A few aspects of the bill have been met with strong approval. It introduces a Medicaid reform plan that allows Medicaid to continue expanding at least through 2020, an idea that is popular on both sides of the aisle. Additionally, the ACHA keeps the provision that adult-children under 26 can remain on their parents' insurance plans. However, medical interest groups, conservatives, and liberals have major oppositions to the specifics of the act as it stands today.
Opposition from Medical Interest Groups
"While we agree that there are problems with [Obamacare] that must be addressed, we cannot support the AHCA as drafted because of the expected decline in health insurance coverage and the potential harm it would cause to vulnerable patient populations."
-Dr. James Madara, CEO of AMA 
The American Medical Association (AMA), the AARP, and the American Hospital Association have all made statements against the ACHA in its current form. The opposition is centered around access and affordability of care for vulnerable patient populations. Currently, the plan is best for young, healthy, and/or wealthy individuals, and is increasing costs for older Americans, as can be easily understood through a useful interactive tax credit map released by the Kaiser Family Foundation.
Opposition from the Right
Prior to the ACHA being introduced, Republicans were already split into two factions on what should be done with Obamacare (repeal-and-replace or repeal-and-delay). It seems as if the introduction of a replacement bill has further deepened the divide within the Republican party on this issue.
Conservative Senators, like Rand Paul (R-KY), believe that the bill doesn't go nearly far enough in dismantling Obamacare. The tax penalty introduced by Obamacare for not having health insurance would be replaced with a 30% premium penalty upon sign up for anyone who hasn't been covered in the past year. Paul argued that paying insurers this penalty instead of the government isn't any better for healthcare consumers.
The House leadership Obamacare Lite plan has many problems. We should be stopping mandates, taxes and entitlements not keeping them.— Senator Rand Paul (@RandPaul) March 7, 2017
Four Republican senators have previously stated that they would vote against any bill that stands in the way of Medicaid expansion.  All four of these senators - Rob Portman (R-OH), Shelly Moore Capito (R-WV), Cory Gardner (R-CO) and Lisa Murkowski (R-AK) - are from states that have benefited recently from Medicaid expansion. The draft of the ACHA as it stood last month was not acceptable to them, as in 2020 it phased out additional federal funding to states for Medicaid. They have yet to comment on the new revision of the bill.

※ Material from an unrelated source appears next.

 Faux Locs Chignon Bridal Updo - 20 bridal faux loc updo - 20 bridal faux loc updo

Additionally, typically large Republican campaign contributors (like Koch brother-affiliated groups) have spoken out in opposition to the bill, meaning that even senators who do not oppose the bill as it stands may have concern due to campaign funding. 
Opposition from the Left
"This will make millions of people — it's a question of 10, 15, 20 million people — off of having health insurance. It will be the biggest transfer of wealth from low- and middle-income people to wealthy people in our country."

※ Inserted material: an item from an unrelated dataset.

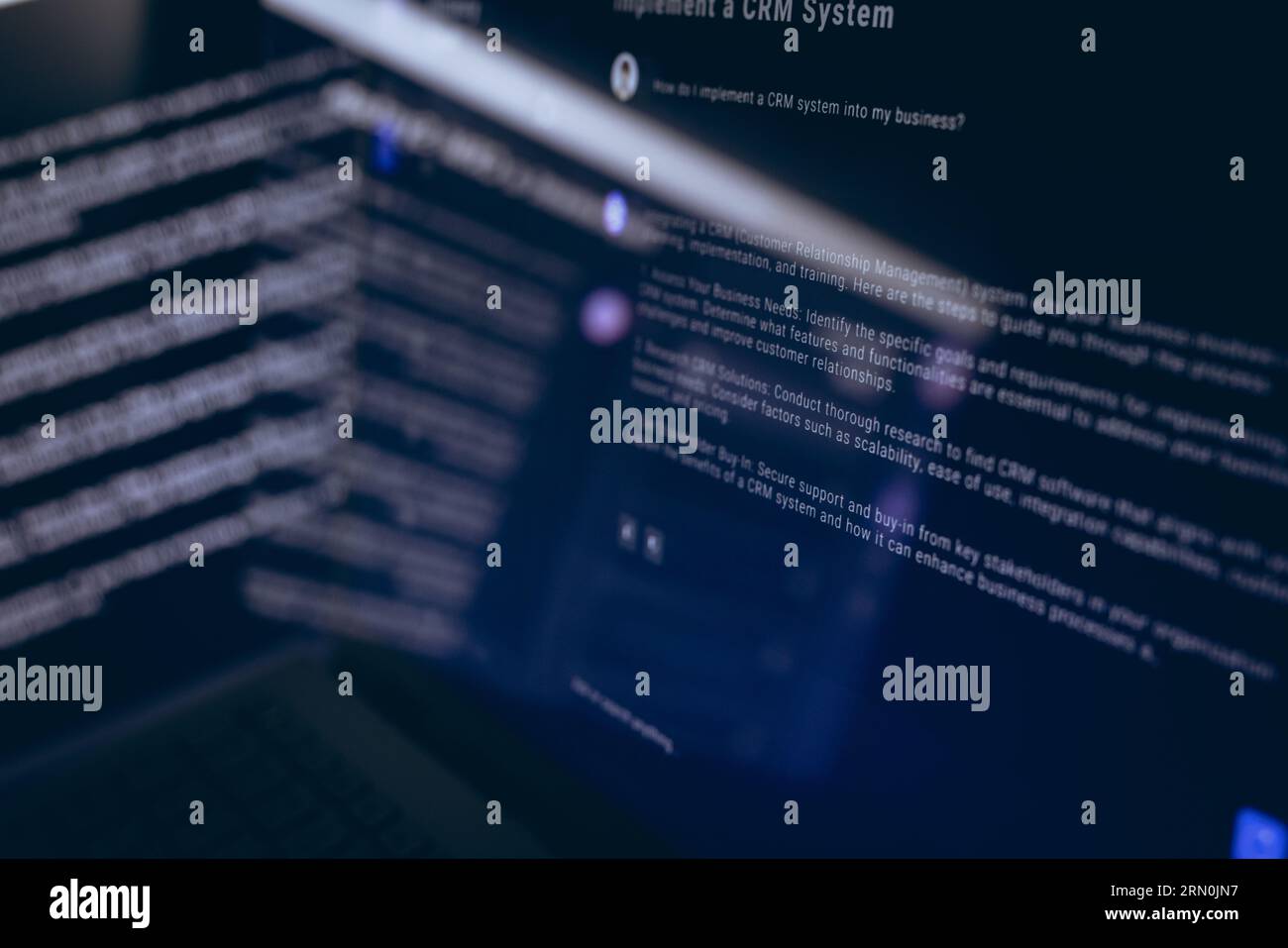 Screens with data processing on black background Stock Photo - Alamy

-House Minority Leader Nancy Pelosi 
Liberal critics of the ACHA are concerned about the wealth inequality at would be promoted by this bill. As currently written, the ACHA includes massive tax cuts to the rich, while freezing or greating scaling back government assistance to the poor.
The ACHA also transitions Medicaid funding to a "block grant" system, which provides states with a fixed sum to support it's Medicaid enrollees. This type of funding may lead to deep Medicaid cuts.
Additionally, the bill officially defunds Planned Parenthood, a concept that is adamantly opposed by women's healthcare groups.
What Happens Next?
This sort of critical reception was likely to be expected. Something as large, complex, and important as healthcare reform stands to go through a long revision cycle before it faces a vote. Although certain Senators, like Sen. Paul Ryan, are pushing for a fast and urgent pass, it likely will take a while to get the specifics to a place that is pleasing to the majority of Congress.